コンパクトにバットを振り続ける秀吉は、必死に食らいついていた。

校舎に掲げられてる時計が、午後2時28分を指している。

秒針が無いせいか、時間が過ぎるのがゆっくりに感じられる。

残り2分がやけに長く感じる。

 

『ファール!』

 

今ので20球は超えただろう。

カウントは2ストライク2ボール。向こうはまだボール球を投げてくる余裕があるのに対し

こちらは一球たりともミスはできない。

流石にこう何度も先生の球をカットを続けていると、秀吉の集中力も落ちてくるだろう。

 

光一「まだか・・・まだなのか・・・」

 

貴浩「あと少しのはずなんだ。

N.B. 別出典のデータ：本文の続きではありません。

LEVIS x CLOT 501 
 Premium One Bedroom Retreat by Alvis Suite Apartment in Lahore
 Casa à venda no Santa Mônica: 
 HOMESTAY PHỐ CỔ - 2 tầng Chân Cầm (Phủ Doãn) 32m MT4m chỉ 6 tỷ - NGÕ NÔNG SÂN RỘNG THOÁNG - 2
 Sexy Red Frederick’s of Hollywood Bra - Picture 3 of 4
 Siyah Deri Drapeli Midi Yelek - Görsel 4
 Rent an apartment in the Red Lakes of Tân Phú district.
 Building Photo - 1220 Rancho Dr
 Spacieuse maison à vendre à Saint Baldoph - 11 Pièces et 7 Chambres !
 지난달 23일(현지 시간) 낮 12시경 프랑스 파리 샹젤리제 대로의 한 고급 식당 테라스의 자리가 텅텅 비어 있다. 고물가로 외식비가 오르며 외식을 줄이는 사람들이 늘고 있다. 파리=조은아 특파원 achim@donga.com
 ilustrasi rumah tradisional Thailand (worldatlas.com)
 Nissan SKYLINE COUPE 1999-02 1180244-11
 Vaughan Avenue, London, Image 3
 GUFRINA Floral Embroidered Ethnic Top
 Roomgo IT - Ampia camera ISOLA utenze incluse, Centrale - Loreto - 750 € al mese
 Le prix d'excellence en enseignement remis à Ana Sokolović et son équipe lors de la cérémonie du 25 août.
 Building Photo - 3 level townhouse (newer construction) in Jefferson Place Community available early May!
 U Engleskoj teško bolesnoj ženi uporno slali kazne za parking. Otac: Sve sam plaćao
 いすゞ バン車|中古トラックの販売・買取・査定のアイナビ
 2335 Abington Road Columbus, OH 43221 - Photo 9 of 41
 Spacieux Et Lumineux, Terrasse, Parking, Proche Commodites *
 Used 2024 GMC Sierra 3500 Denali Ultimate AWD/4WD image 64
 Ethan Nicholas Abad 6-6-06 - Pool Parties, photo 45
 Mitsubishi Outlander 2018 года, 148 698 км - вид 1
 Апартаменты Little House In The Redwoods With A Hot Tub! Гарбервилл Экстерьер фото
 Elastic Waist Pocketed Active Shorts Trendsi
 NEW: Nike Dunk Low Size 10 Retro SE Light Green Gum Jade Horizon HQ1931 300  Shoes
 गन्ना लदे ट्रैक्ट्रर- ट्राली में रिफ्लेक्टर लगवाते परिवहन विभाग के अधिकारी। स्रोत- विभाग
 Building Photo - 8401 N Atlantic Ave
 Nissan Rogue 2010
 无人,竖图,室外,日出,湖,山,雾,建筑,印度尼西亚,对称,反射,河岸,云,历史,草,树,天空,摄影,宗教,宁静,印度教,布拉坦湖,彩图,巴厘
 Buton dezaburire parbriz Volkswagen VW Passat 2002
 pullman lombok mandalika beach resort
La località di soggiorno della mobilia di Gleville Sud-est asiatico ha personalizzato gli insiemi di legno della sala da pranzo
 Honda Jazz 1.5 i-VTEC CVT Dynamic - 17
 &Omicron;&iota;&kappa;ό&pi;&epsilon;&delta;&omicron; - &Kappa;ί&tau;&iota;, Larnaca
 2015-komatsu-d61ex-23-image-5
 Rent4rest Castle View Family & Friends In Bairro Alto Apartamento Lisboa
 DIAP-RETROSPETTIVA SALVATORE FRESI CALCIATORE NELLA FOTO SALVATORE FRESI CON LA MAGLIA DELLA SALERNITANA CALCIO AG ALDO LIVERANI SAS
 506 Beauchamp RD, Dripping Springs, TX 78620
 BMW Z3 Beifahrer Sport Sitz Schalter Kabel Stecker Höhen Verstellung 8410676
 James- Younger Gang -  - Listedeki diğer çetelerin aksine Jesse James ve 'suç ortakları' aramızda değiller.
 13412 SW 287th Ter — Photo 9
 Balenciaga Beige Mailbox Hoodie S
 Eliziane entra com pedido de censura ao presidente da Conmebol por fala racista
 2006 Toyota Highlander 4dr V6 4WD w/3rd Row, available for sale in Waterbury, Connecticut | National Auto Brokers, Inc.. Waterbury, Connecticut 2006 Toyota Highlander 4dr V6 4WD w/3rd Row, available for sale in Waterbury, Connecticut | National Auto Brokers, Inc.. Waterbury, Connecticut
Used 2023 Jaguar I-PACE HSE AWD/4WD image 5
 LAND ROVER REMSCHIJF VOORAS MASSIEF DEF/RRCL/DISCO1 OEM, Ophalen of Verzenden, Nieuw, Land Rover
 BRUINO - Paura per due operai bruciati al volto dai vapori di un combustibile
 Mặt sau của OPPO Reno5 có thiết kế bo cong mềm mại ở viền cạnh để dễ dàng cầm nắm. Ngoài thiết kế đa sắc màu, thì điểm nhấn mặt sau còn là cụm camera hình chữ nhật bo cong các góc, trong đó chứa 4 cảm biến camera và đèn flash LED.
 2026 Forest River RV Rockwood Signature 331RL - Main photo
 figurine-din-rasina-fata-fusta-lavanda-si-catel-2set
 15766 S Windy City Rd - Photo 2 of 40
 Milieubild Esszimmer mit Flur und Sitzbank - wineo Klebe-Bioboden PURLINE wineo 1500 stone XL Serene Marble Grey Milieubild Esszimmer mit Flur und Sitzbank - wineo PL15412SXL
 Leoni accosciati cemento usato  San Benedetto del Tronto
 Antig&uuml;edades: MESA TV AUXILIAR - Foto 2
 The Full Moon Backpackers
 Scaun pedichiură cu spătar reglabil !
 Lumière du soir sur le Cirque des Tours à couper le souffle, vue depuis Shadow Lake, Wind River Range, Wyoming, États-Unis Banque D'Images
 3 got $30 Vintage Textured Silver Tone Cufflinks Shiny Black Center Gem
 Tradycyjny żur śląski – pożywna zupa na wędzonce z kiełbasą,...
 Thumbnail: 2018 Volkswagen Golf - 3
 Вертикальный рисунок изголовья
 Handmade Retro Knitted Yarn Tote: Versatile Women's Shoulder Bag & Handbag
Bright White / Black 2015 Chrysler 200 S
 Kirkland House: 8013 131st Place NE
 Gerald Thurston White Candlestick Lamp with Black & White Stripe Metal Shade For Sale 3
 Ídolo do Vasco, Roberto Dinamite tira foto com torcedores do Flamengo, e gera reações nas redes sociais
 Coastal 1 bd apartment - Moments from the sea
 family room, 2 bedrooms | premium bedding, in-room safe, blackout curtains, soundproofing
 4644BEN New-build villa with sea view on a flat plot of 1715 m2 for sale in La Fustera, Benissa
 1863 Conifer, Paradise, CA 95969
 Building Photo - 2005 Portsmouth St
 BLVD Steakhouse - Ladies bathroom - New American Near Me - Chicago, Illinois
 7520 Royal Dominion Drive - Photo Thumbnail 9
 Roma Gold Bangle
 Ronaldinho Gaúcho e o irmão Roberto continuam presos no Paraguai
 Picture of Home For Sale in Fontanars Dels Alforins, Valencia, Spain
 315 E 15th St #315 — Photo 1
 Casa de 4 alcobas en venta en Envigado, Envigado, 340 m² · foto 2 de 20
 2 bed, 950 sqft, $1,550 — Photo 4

頑張ってくれ秀吉」

 

今の俺たちには祈る事しかできない。

 

カキン

 

『ファール』

 

ボールが投げられるたびに、背中に冷たい汗が流れる。

いつ秀吉が打ち取られてもおかしくない。

手に汗を握り、俺は次の打者なのでネクストバッターサークルで待機し、

時期の到来を心待ちにしていると───

 

康太「・・・・・・・・・来た」

 

雄二「っ!!」

 

雄二がムッツリーニの言葉に反応して校舎に取り付けられたスピーカーを見る。

 

 

『───ジジ・・・・・・ジ・・・・・・』

 

そのスピーカーからノイズ混じりの音が聞こえる。

 

雄二「来たかっ!」

 

雄二が嬉しそうに声をあげる。

そして一瞬送れて、アナウンスが響き渡った。

 

『これより、中央グラウンドにて、借り物競争が始まります。出場選手の皆さんは、所定の場所に───』

 

『『『来たぁっ!!』』』

 

クラス皆の声が重なる。

その直後、秀吉が打ち上げた球を捕球されて、ついにアウトになってしまう。

これでチェンジだが・・・・・・目的は果たした。